> Exercise details:
Return verbatim the run of lines that opens with the line holding "CHILE. 1864 (Nov" and closes with the last line of the records.

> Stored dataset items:
--------------------------------------------------

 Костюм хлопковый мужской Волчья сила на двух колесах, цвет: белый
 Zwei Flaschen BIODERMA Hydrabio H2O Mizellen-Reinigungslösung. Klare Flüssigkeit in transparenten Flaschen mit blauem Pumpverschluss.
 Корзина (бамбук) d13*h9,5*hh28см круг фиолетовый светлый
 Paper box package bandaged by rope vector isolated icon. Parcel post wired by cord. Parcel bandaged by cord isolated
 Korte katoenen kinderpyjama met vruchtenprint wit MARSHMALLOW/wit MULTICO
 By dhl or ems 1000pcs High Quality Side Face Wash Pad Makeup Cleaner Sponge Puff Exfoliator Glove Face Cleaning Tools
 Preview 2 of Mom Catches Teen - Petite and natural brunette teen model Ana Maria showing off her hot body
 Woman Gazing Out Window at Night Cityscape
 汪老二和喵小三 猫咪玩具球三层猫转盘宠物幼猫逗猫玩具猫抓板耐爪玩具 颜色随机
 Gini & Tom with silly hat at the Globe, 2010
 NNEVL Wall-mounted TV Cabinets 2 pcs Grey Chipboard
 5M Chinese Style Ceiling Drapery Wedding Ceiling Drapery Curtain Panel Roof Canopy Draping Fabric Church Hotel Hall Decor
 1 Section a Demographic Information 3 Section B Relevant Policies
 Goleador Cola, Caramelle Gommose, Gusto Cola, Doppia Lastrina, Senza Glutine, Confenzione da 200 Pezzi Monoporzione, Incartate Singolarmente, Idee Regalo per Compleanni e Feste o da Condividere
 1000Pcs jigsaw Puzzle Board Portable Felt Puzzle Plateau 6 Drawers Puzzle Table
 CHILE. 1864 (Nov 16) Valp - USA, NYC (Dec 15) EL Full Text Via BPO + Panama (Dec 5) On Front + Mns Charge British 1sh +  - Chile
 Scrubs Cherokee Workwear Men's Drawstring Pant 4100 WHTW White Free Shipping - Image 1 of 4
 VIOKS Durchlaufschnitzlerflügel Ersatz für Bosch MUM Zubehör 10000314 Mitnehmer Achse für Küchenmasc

--------------------------------------------------

> Answer to this exercise:
 CHILE. 1864 (Nov 16) Valp - USA, NYC (Dec 15) EL Full Text Via BPO + Panama (Dec 5) On Front + Mns Charge British 1sh +  - Chile
 Scrubs Cherokee Workwear Men's Drawstring Pant 4100 WHTW White Free Shipping - Image 1 of 4
 VIOKS Durchlaufschnitzlerflügel Ersatz für Bosch MUM Zubehör 10000314 Mitnehmer Achse für Küchenmasc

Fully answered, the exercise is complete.